* Wednesday…
Illinois’s next big bond deal sounds like a municipal-market oxymoron: the worst-rated state in the nation is offering more than half a billion dollars of AAA debt.
The $573 million of securities the state plans to sell Thursday are secured by a stream of sales-tax revenue that’s diverted to investors, earning the deal the highest ranking from S&P Global Ratings. That’s seven steps above the state’s general-obligation debt, which is backed only by the government’s guaranty to pay what it owes.
“We expect the state of Illinois’s sales-tax bonds to fare better than the state of Illinois’s GO bonds, primarily due to the substantial support from the designated sales tax,” said Richard Ciccarone, the Chicago-based president of Merritt Research Services LLC, which analyzes municipal finances. “However, they will suffer. It will extract a higher borrowing penalty than would normally be expected for such a high-rated bond issue because of the chronic financial pressures.”
The sale went better than expected, but the cost was still higher than other states with AAA ratings.
* Today…
Illinois sold nearly $549 million of revenue bonds in competitive bidding on Thursday, dodging a steep market penalty the financially struggling state has paid for its general obligation bonds.
The Build Illinois bonds, backed by the state’s sale tax revenue, have high-quality credit ratings of AAA from Standard & Poor’s and AA-plus from Fitch Ratings versus Illinois’ low-investment-grade GO ratings, which are the weakest among the 50 states.
Illinois has a huge $111 billion unfunded pension liability and a chronic budget deficit. It was the only state without a complete fiscal 2016 budget due to a political impasse.
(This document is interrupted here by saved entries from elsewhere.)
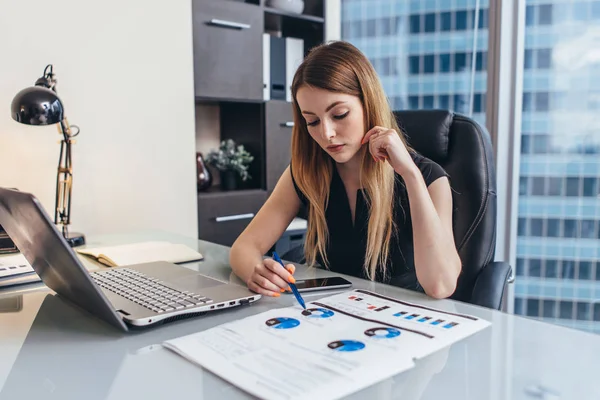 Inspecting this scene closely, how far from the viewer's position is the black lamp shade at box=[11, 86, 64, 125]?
141 centimetres

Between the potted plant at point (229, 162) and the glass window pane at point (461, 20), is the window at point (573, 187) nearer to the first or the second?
the glass window pane at point (461, 20)

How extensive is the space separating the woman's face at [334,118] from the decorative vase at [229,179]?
4.01 ft

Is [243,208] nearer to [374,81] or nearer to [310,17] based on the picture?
[310,17]

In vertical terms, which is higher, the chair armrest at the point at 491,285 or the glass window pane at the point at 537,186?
the glass window pane at the point at 537,186

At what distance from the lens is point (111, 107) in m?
2.05

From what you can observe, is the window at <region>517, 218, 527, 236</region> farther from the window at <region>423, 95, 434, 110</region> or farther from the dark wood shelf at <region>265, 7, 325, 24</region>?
the dark wood shelf at <region>265, 7, 325, 24</region>

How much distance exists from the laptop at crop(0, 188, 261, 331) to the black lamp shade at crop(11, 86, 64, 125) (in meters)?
0.53

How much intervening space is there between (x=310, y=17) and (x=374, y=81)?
1474mm

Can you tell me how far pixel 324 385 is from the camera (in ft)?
2.01

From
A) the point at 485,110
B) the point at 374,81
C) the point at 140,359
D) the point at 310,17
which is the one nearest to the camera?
the point at 140,359

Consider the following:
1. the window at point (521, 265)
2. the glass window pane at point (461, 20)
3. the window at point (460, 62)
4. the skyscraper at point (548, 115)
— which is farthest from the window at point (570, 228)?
the glass window pane at point (461, 20)

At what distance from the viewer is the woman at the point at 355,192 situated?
1177 millimetres

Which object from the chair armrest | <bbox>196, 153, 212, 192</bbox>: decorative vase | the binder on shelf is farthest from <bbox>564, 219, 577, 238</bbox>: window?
<bbox>196, 153, 212, 192</bbox>: decorative vase

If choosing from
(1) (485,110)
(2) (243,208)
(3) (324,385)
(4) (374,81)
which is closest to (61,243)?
(3) (324,385) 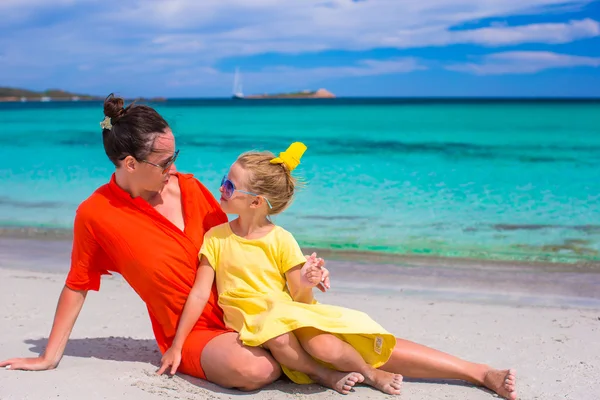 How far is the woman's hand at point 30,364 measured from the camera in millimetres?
3104

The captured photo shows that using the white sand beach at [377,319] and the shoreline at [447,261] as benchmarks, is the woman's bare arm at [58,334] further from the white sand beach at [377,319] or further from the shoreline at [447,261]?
the shoreline at [447,261]

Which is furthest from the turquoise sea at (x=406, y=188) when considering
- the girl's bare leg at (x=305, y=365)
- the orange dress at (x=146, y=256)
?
the girl's bare leg at (x=305, y=365)

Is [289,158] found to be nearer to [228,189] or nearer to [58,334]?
[228,189]

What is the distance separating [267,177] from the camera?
3000mm

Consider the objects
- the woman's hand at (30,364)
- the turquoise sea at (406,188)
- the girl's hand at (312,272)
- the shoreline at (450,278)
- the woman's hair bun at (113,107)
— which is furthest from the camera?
the turquoise sea at (406,188)

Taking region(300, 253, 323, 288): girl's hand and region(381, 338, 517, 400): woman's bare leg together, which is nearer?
region(300, 253, 323, 288): girl's hand

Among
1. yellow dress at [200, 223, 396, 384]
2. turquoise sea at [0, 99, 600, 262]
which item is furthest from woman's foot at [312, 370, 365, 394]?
turquoise sea at [0, 99, 600, 262]

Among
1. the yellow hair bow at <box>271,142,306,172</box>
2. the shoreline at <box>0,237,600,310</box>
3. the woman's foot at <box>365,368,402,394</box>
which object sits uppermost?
the yellow hair bow at <box>271,142,306,172</box>

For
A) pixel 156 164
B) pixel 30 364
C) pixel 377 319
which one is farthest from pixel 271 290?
pixel 377 319

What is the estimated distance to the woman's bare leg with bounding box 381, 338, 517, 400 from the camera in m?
3.12

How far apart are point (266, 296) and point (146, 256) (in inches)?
22.6

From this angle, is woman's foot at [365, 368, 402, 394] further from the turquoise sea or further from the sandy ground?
the turquoise sea

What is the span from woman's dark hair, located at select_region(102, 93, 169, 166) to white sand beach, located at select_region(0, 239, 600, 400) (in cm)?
104

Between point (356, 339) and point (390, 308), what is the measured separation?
1.80 meters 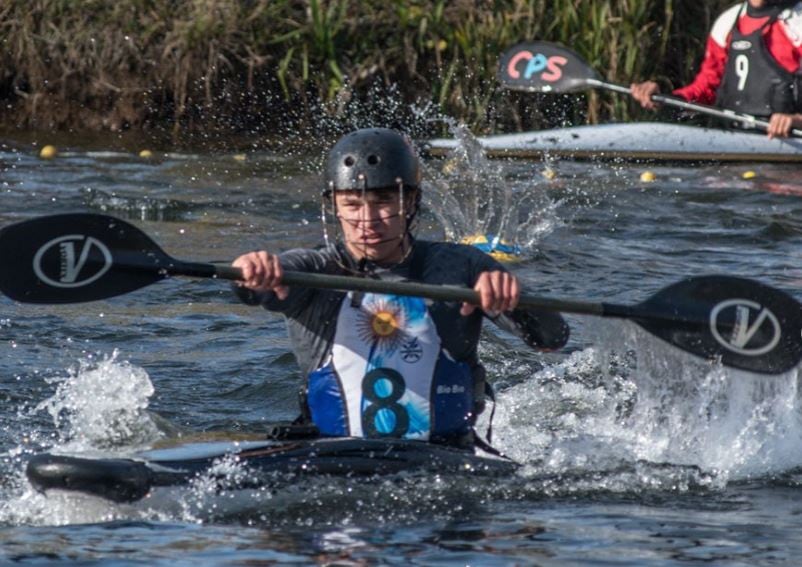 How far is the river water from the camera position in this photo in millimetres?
4559

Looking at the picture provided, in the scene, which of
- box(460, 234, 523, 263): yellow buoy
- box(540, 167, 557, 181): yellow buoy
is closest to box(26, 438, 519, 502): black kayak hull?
box(460, 234, 523, 263): yellow buoy

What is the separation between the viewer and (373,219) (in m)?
4.95

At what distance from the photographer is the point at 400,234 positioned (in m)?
4.98

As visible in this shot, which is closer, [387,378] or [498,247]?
[387,378]

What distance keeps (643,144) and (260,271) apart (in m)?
7.83

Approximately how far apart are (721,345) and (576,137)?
703cm

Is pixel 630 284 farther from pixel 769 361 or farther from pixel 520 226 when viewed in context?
pixel 769 361

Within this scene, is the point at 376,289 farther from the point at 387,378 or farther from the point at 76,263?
the point at 76,263

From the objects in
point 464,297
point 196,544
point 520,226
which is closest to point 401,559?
point 196,544

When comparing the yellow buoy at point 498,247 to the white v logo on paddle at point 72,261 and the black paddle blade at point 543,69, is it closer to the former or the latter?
the black paddle blade at point 543,69

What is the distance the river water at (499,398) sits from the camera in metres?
4.56

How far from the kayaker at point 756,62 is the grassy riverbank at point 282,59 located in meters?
1.83

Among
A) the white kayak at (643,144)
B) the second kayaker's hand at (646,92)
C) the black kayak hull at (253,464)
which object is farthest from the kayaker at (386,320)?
the white kayak at (643,144)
Bank of America Merrill Lynch won the biggest chunk of the bond issue - nearly $187 million of tax-exempt refunding bonds.
The pricing resulted in a spread over Municipal Market Data’s benchmark triple-A yield scale for 10-year bonds of 48 basis points, about 20 basis points narrower than the state’s last tax-exempt Build Illinois bond sale in June 2013.
The spread was also almost 3.5 times narrower than Illinois’ 166 basis-point spread over the scale for 10-year GO bonds.
…Adding… From the governor’s office…
Hi there –
Wanted to send you this statement for bond sale post.
STATEMENT: We were pleased with strong interest from the public finance community that enabled the State to borrow at historically low interest rates – and by cutting interest rates in half on some of our outstanding Build Illinois bonds, we will provide taxpayers $56 million in savings without extending debt service payments.
Thanks!
ck
- Publius - Friday, Aug 26, 16 @ 1:51 pm:
High prices makes more money for those investors, hmmm didn’t our governor come from the investment world? You don’t think this mess could be planned do you?
- Publius - Friday, Aug 26, 16 @ 1:53 pm:
Is it public record who buys the bonds? Are there any reporters anymore willing to look into this possibility
- Rich Miller - Friday, Aug 26, 16 @ 2:01 pm:
Publius, take a breath and remove your tinfoil hat. The state got a better deal than the last time it sold similar bonds.
- Steve Schnorf - Friday, Aug 26, 16 @ 2:07 pm:
The rating agencies continue their charade that bonds backed by a portion of the state’s sales tax revenue are safer than ones backed by all the state’s tax revenues
- Gone - Friday, Aug 26, 16 @ 2:12 pm:
Publius,
If there were savings because these bonds were sold at lower interest rates than the bonds the state was holding, doesn’t that mean the bankers are making less money off of the people of Illinois?
- Ron - Friday, Aug 26, 16 @ 2:34 pm:
Bankers pay taxes.
- Whatever - Friday, Aug 26, 16 @ 4:52 pm:
==The $573 million of securities the state plans to sell Thursday are secured by a stream of sales-tax revenue that’s diverted to investors, earning the deal the highest ranking from S&P Global Ratings. That’s seven steps above the state’s general-obligation debt, which is backed only by the government’s guaranty to pay what it owes.==
And when you pledge assets or revenue streams that would otherwise be available to pay GO bonds, you increase the risk of default on GO bonds, however slightly. This will increase the interest rate on future offerings, unless they are secured by their own revenue streams or assets. No magic bullet here.